* What you have to do
Once the pictures are set aside, retype the remaining entries exactly.

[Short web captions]
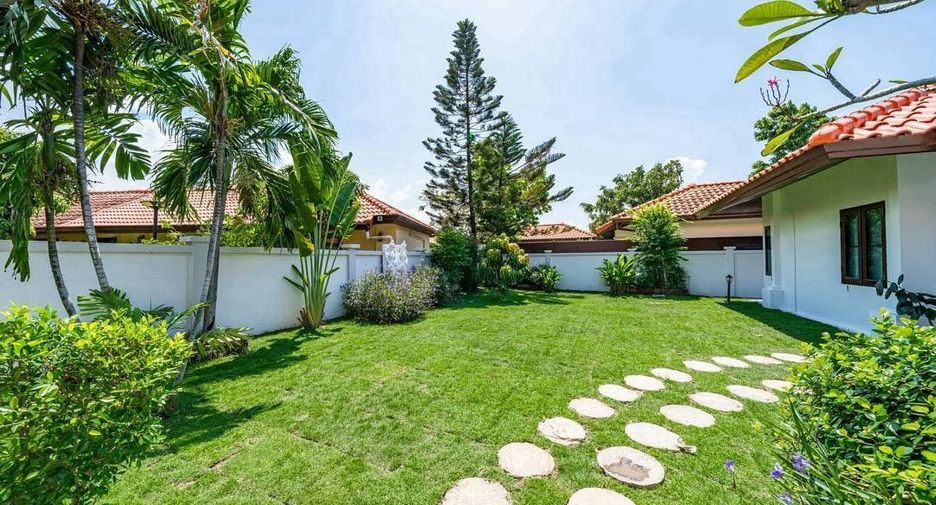 For rent 4 bedrooms villa in Huay Yai, Pattaya
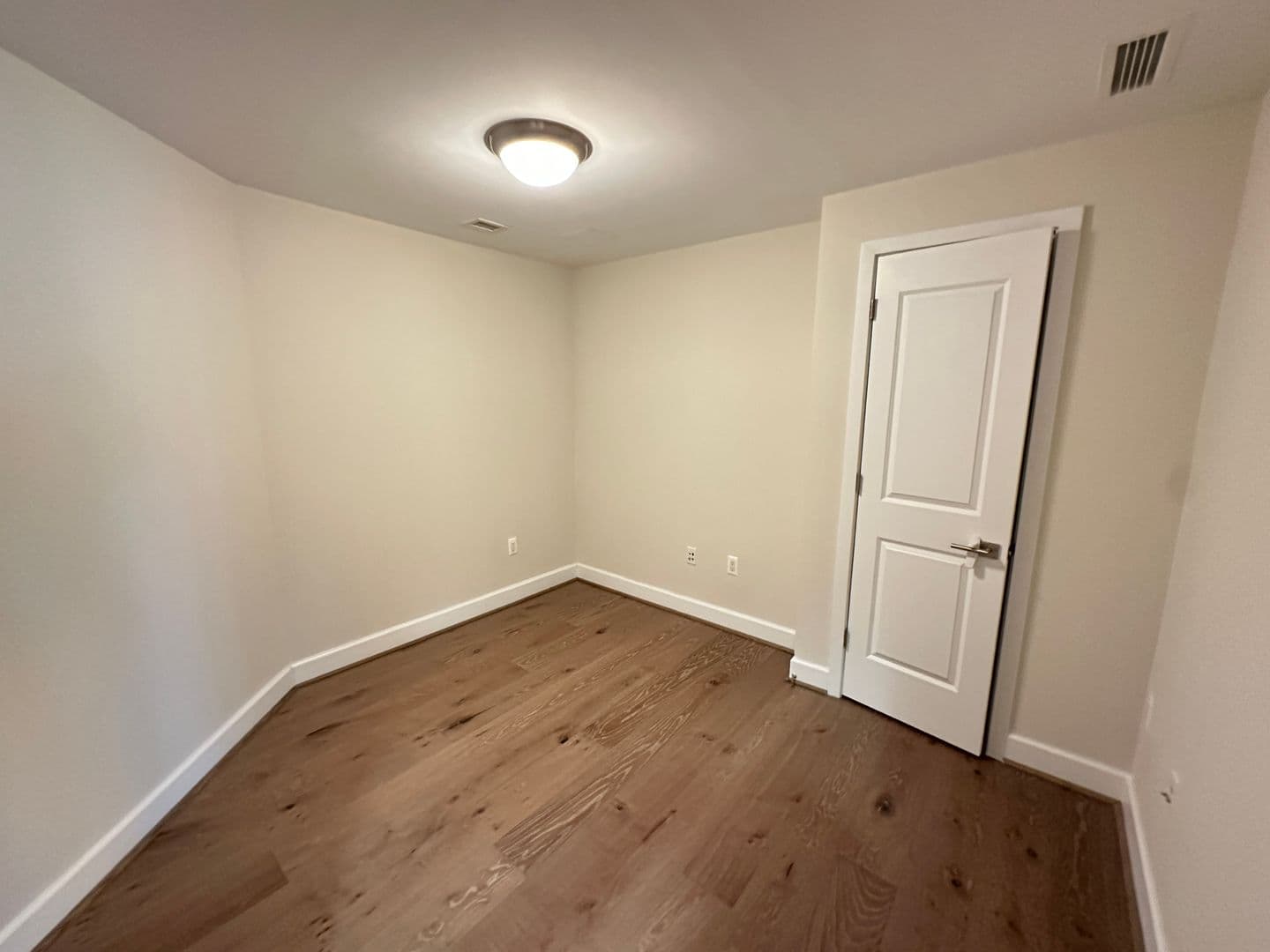 Bethesda Condo: 7171 Woodmont Ave #606-A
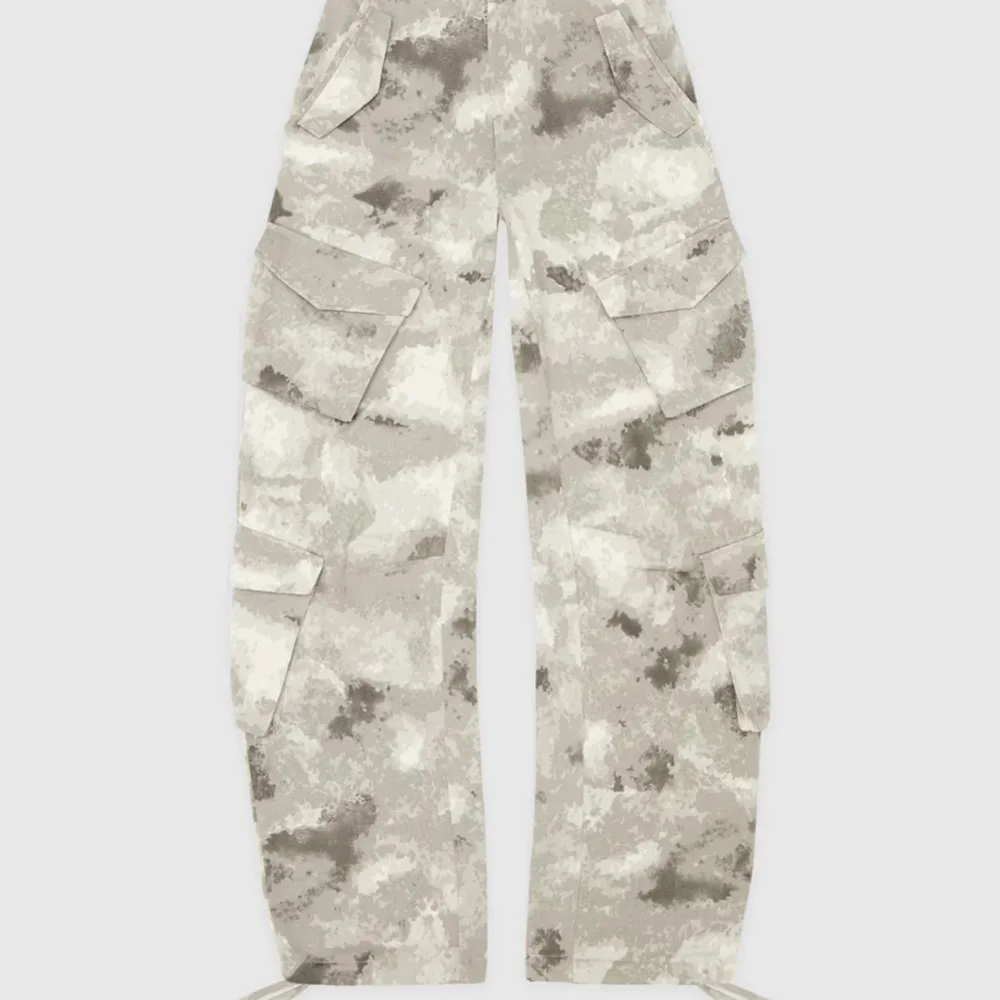 Cargo byxor i camoflauge mönster från Maniere De Voir. Använda ett par gånger men fortfarande fint skick. Nypris: drygt 1300kr Se sista bilden för en mer verklig bild på färgen. Jeans & Byxor.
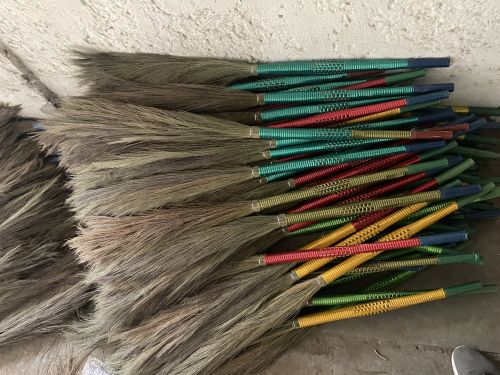 Plain Grass Brooms, Color : Brown for Cleaning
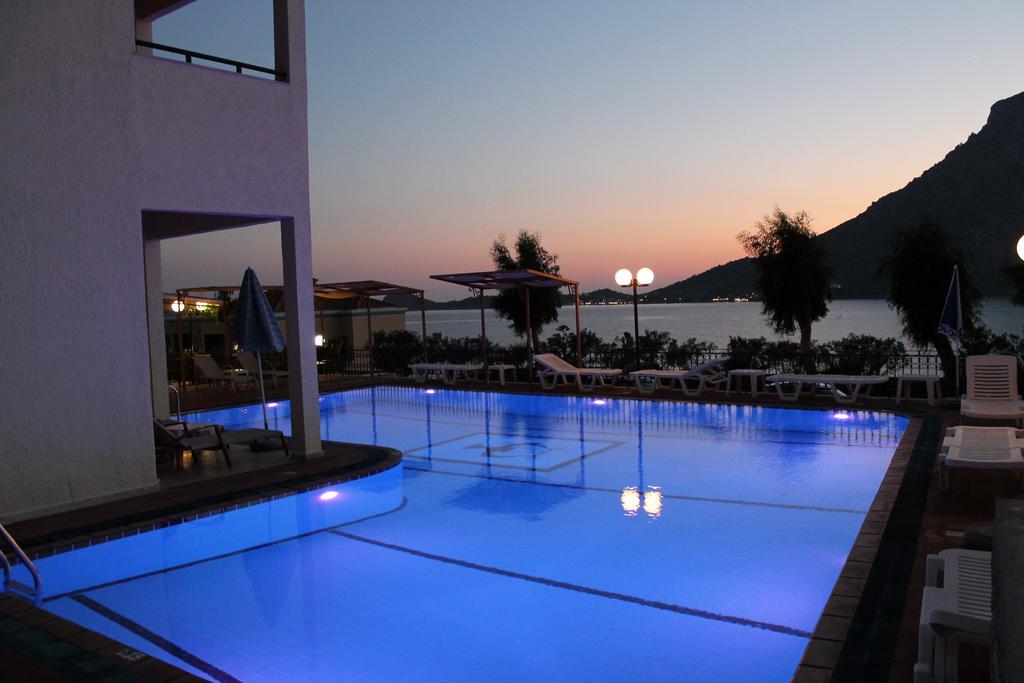 Hotel Philoxenia Massouri Extérieur photo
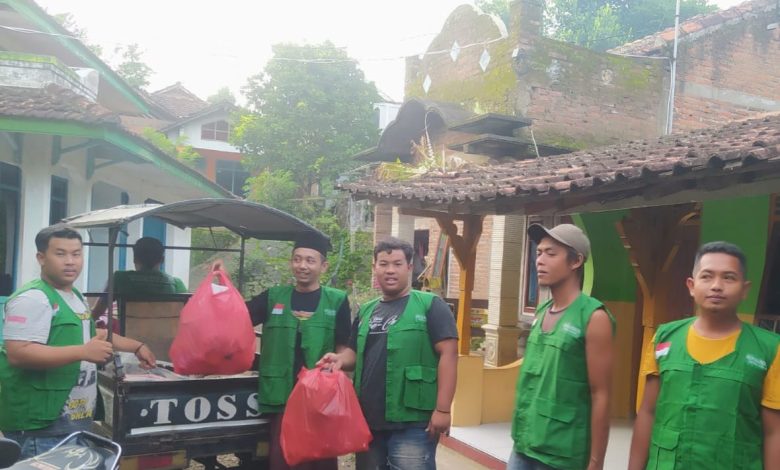 Ansor Sitiluhur Bergelut dengan Rongsok, Tuai Banyak Pujian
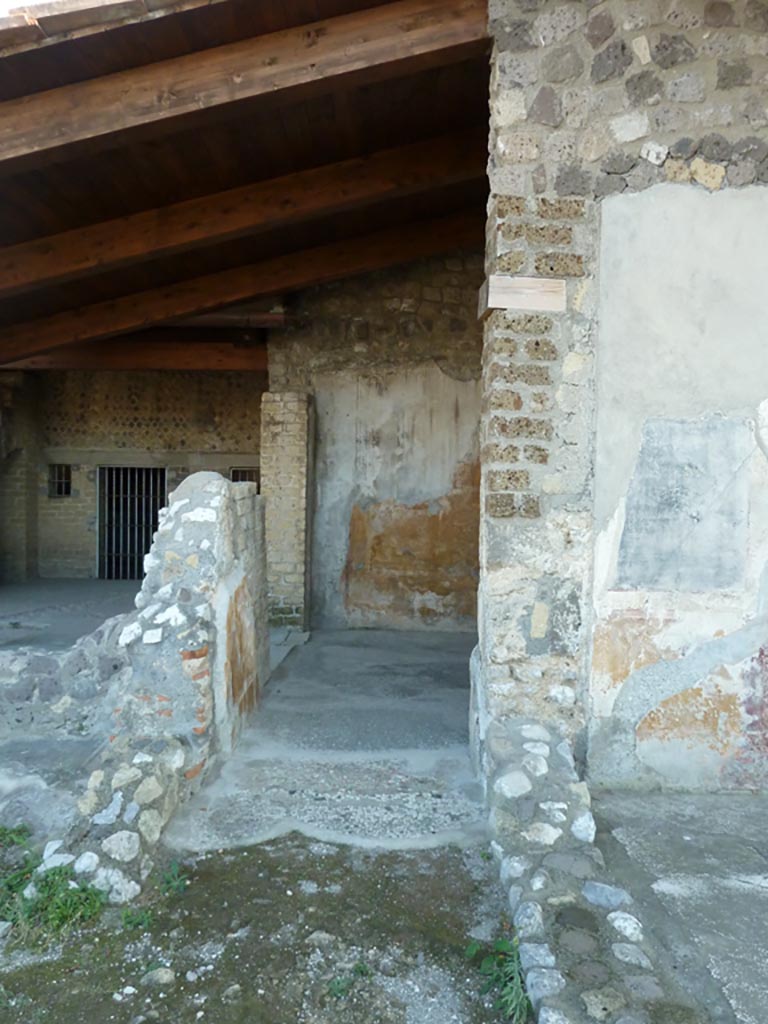 Stabiae, Villa Arianna, September 2015. Room 40, entrance doorway.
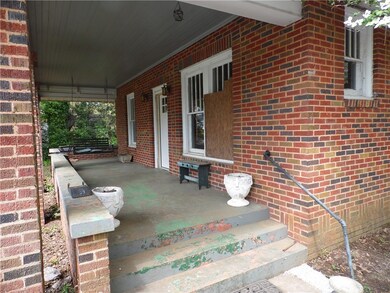 102 W Mauldin St, Walhalla, SC 29691 - photo 3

* Finished exercise
 For rent 4 bedrooms villa in Huay Yai, Pattaya
 Bethesda Condo: 7171 Woodmont Ave #606-A
 Cargo byxor i camoflauge mönster från Maniere De Voir. Använda ett par gånger men fortfarande fint skick. Nypris: drygt 1300kr Se sista bilden för en mer verklig bild på färgen. Jeans & Byxor.
 Plain Grass Brooms, Color : Brown for Cleaning
 Hotel Philoxenia Massouri Extérieur photo
 Ansor Sitiluhur Bergelut dengan Rongsok, Tuai Banyak Pujian
 Stabiae, Villa Arianna, September 2015. Room 40, entrance doorway.
 102 W Mauldin St, Walhalla, SC 29691 - photo 3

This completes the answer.